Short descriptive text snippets
# # # #
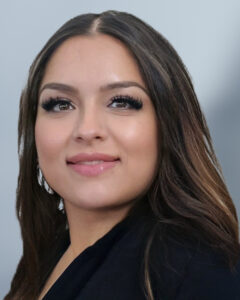 Sandra Lopez headshot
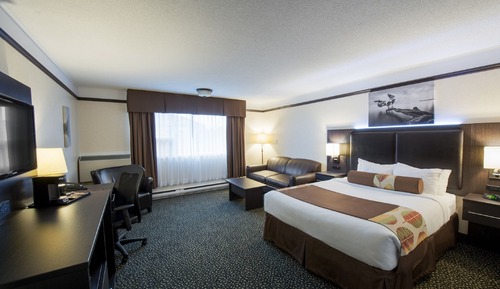 Standardzimmer, 1 Queen-Bett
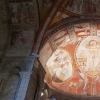 affiche Présentation des peintures murales de l'église - Journées du Patrimoine 2022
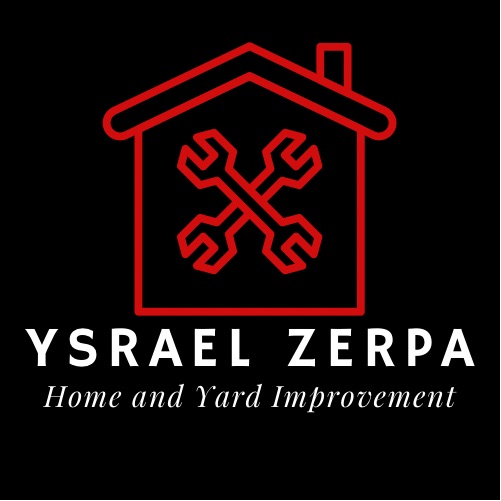 Ysrael Home and Yard Improvement Logo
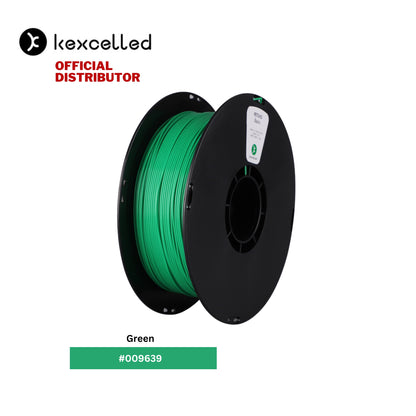 Kexcelled K5™ PETG 1.75mm 1kg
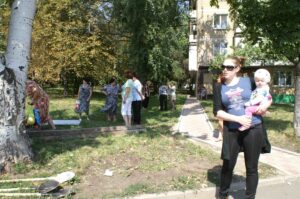 Где куется революция? Про маленькое злотворное министерство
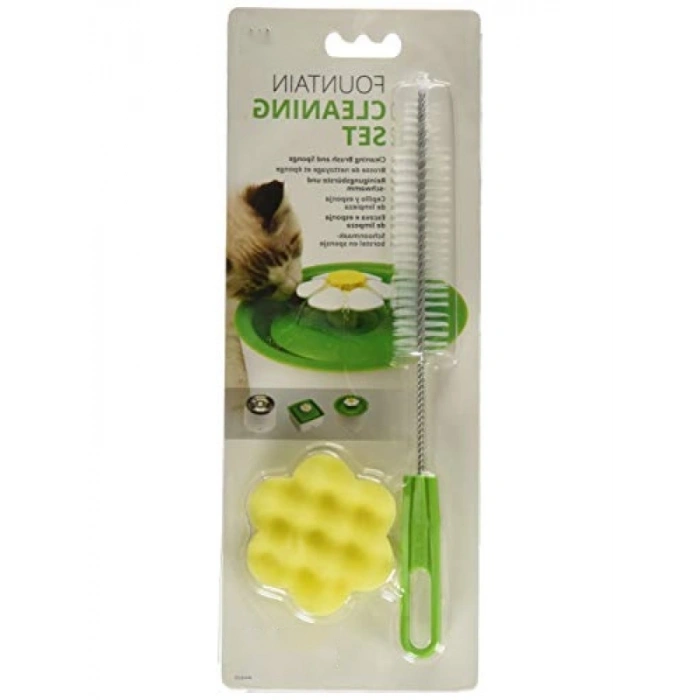 Kaliteli Suluk Temizleme Seti, Model #50023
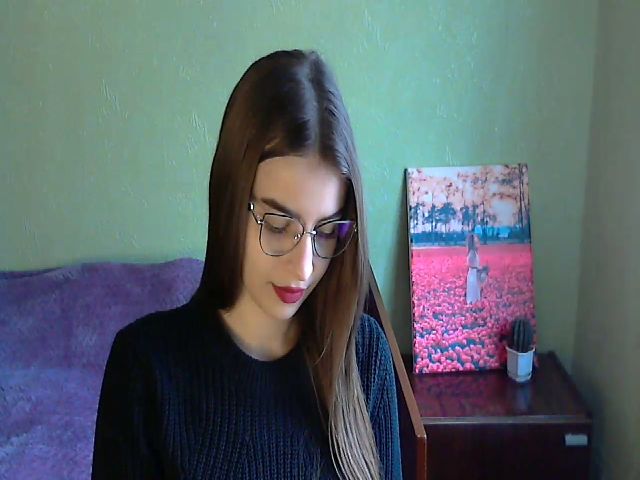 Live sex webcam photo for Airovissa #272977923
# # # #
=== Task objective ===
Exclude all images, then retype the records above without alteration.

=== Solution below ===
 Sandra Lopez headshot
 Standardzimmer, 1 Queen-Bett
 affiche Présentation des peintures murales de l'église - Journées du Patrimoine 2022
 Ysrael Home and Yard Improvement Logo
 Kexcelled K5™ PETG 1.75mm 1kg
 Где куется революция? Про маленькое злотворное министерство
 Kaliteli Suluk Temizleme Seti, Model #50023
 Live sex webcam photo for Airovissa #272977923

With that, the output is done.